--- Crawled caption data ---
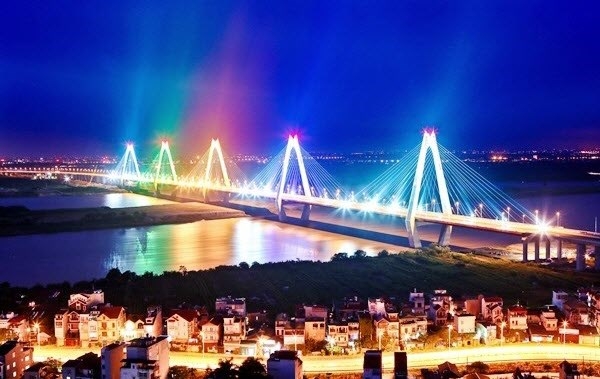 ha noi lap den led doi mau tren cau nhat tan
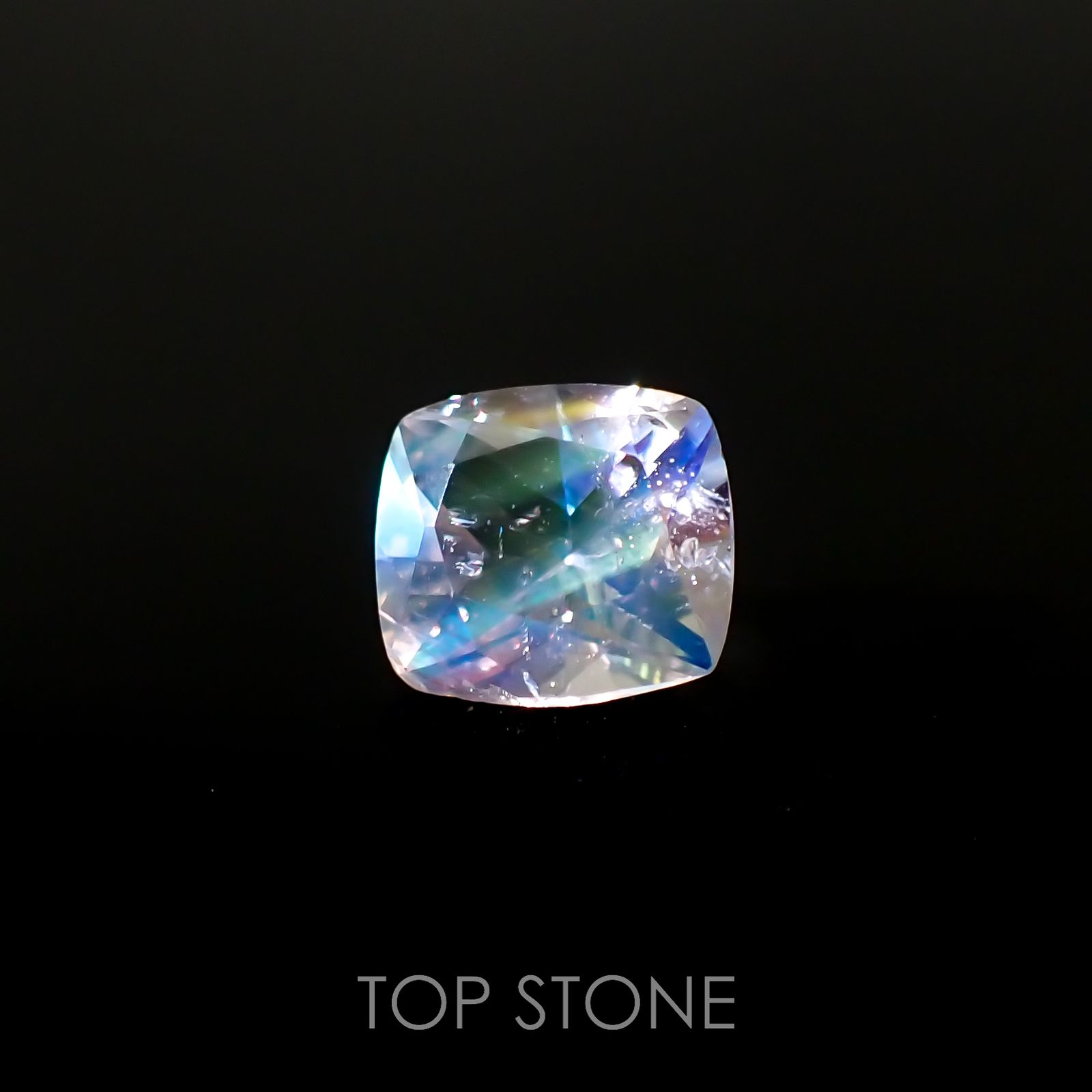 レインボームーンストーン(宝石名ラブラドライト)タンザニア産 1.33ct 識別済[220717203]7.4x6.7mm前後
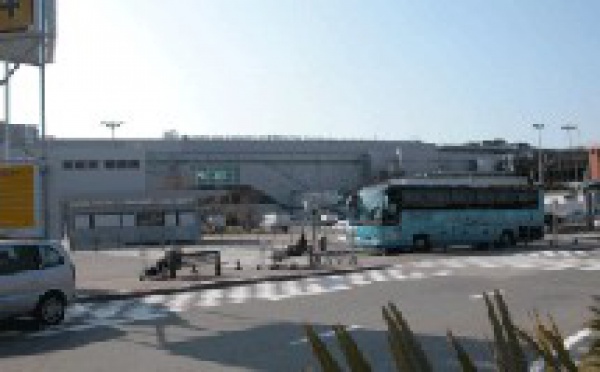 Marseille-Provence : nouveau point d'accueil pour les navettes autocars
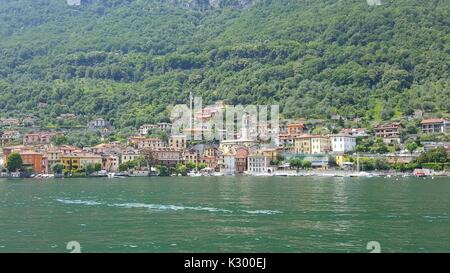 Sala Comacina come visto dal lago di Como Foto Stock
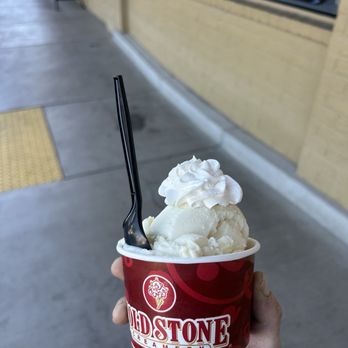 Cold Stone Creamery - Vanilla Lite ice cream with whipped topping. - Ice Cream & Frozen Yogurt Near Me - Tucson, Arizona Cold Stone Creamery - Vanilla Lite ice cream with whipped topping. - Ice Cream & Frozen Yogurt Near Me - Tucson, Arizona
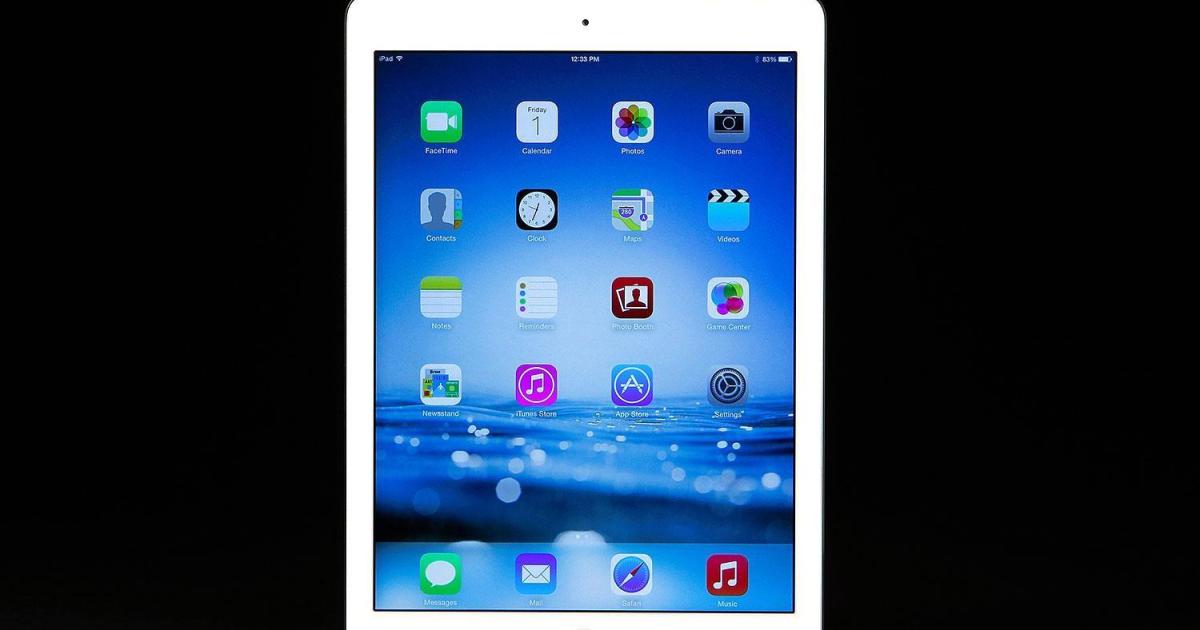 Apple's iPad Air M1 drops to a record-low $500 in an  Black Friday  deal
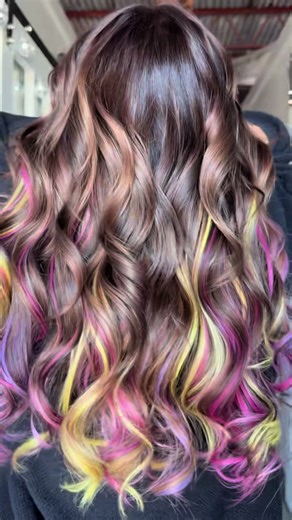 Spring is still loading, but these bright shades of GL Tape-Ins are setting the tone early 💐 @sydneyannlopezhair •• Great Lengths USA Tape In Extensions Spring Hair Inspo Luxury Hair Extensions Long-Lasting Extensions Sustainable Extensions Tape In Install Before and After Professional Extensions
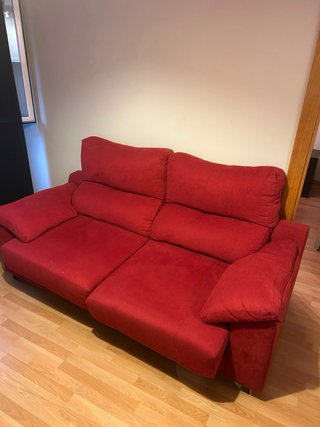 Sofá rojo de tela con asientos que se sacan!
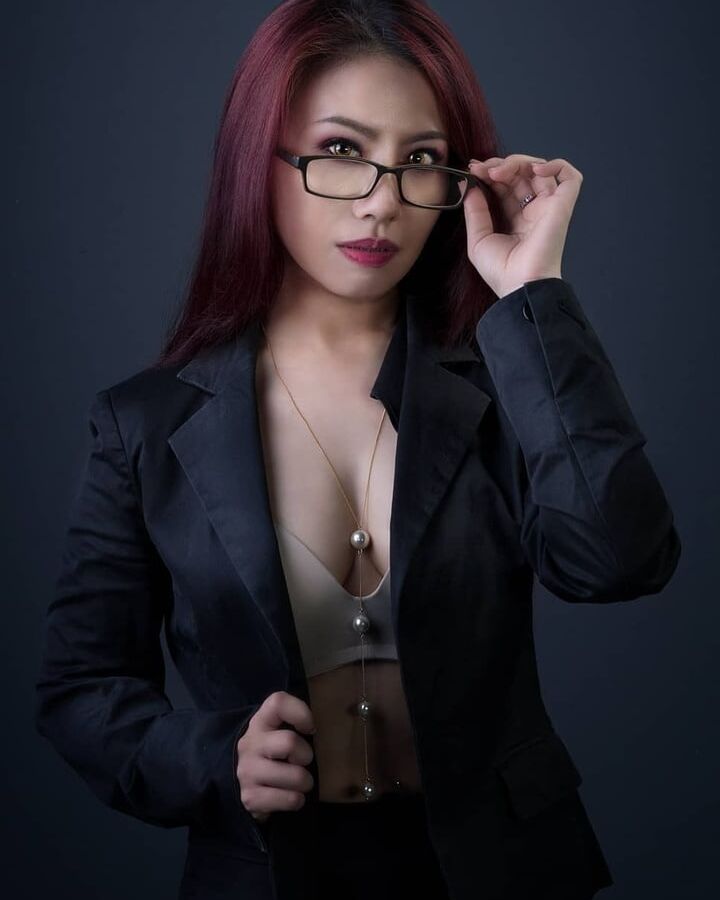 Sexy Asian Bitch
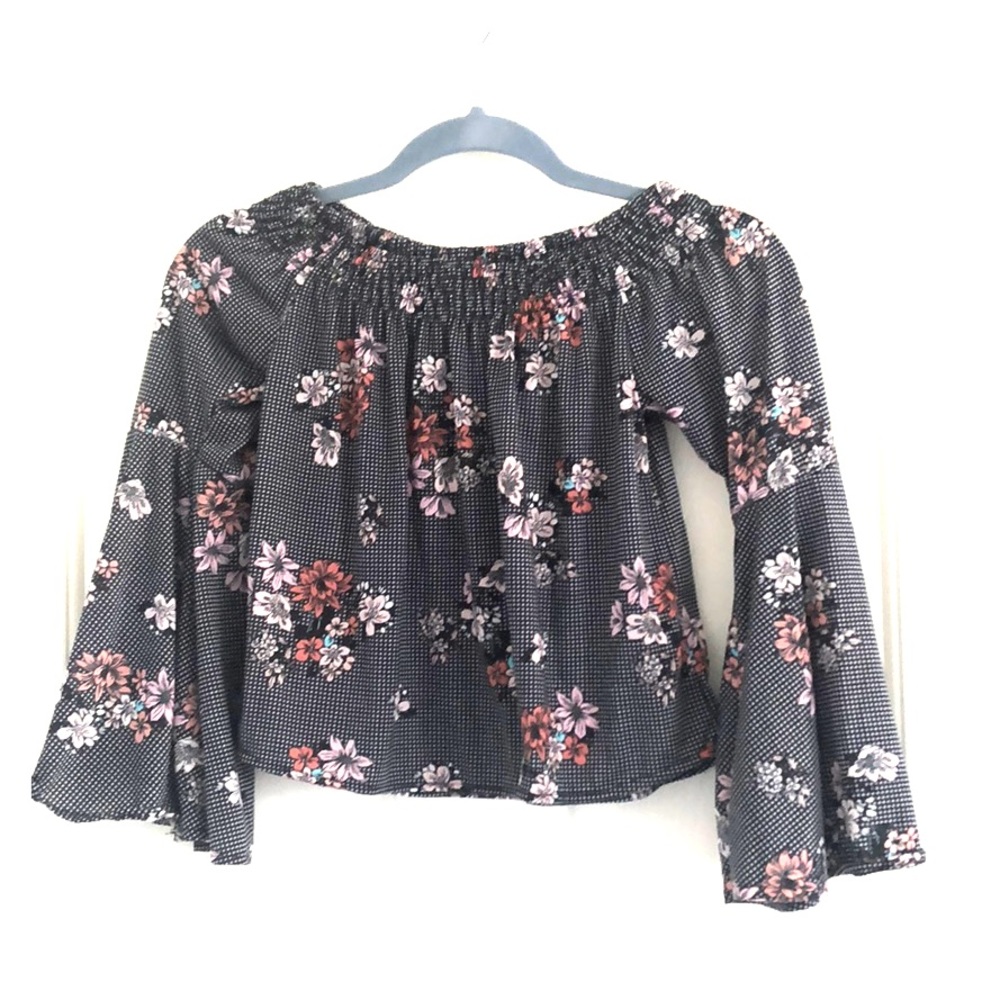 Fashion Nova Black & White Floral Top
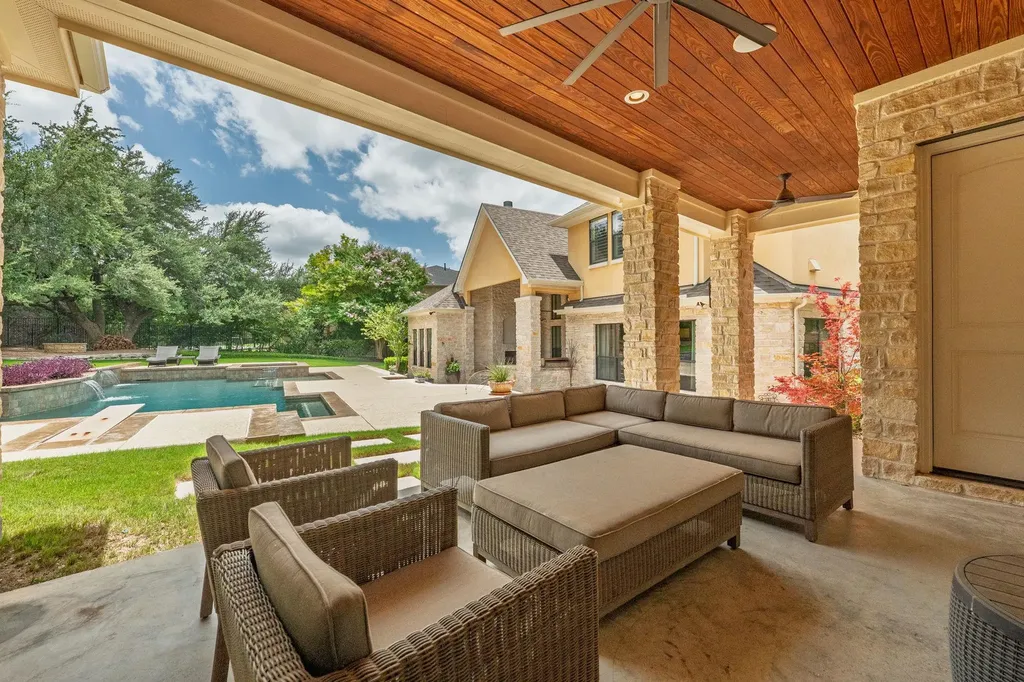 1005 Lakewood Hills Terrace Austin TX 78732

--- EXERCISE AIM ---
Repeat every entry above precisely, leaving each picture out.

--- OUTPUT FOR THIS TASK ---
 ha noi lap den led doi mau tren cau nhat tan
 レインボームーンストーン(宝石名ラブラドライト)タンザニア産 1.33ct 識別済[220717203]7.4x6.7mm前後
 Marseille-Provence : nouveau point d'accueil pour les navettes autocars
 Sala Comacina come visto dal lago di Como Foto Stock
 Cold Stone Creamery - Vanilla Lite ice cream with whipped topping. - Ice Cream & Frozen Yogurt Near Me - Tucson, Arizona Cold Stone Creamery - Vanilla Lite ice cream with whipped topping. - Ice Cream & Frozen Yogurt Near Me - Tucson, Arizona
 Apple's iPad Air M1 drops to a record-low $500 in an  Black Friday  deal
 Spring is still loading, but these bright shades of GL Tape-Ins are setting the tone early 💐 @sydneyannlopezhair •• Great Lengths USA Tape In Extensions Spring Hair Inspo Luxury Hair Extensions Long-Lasting Extensions Sustainable Extensions Tape In Install Before and After Professional Extensions
 Sofá rojo de tela con asientos que se sacan!
 Sexy Asian Bitch
 Fashion Nova Black & White Floral Top
 1005 Lakewood Hills Terrace Austin TX 78732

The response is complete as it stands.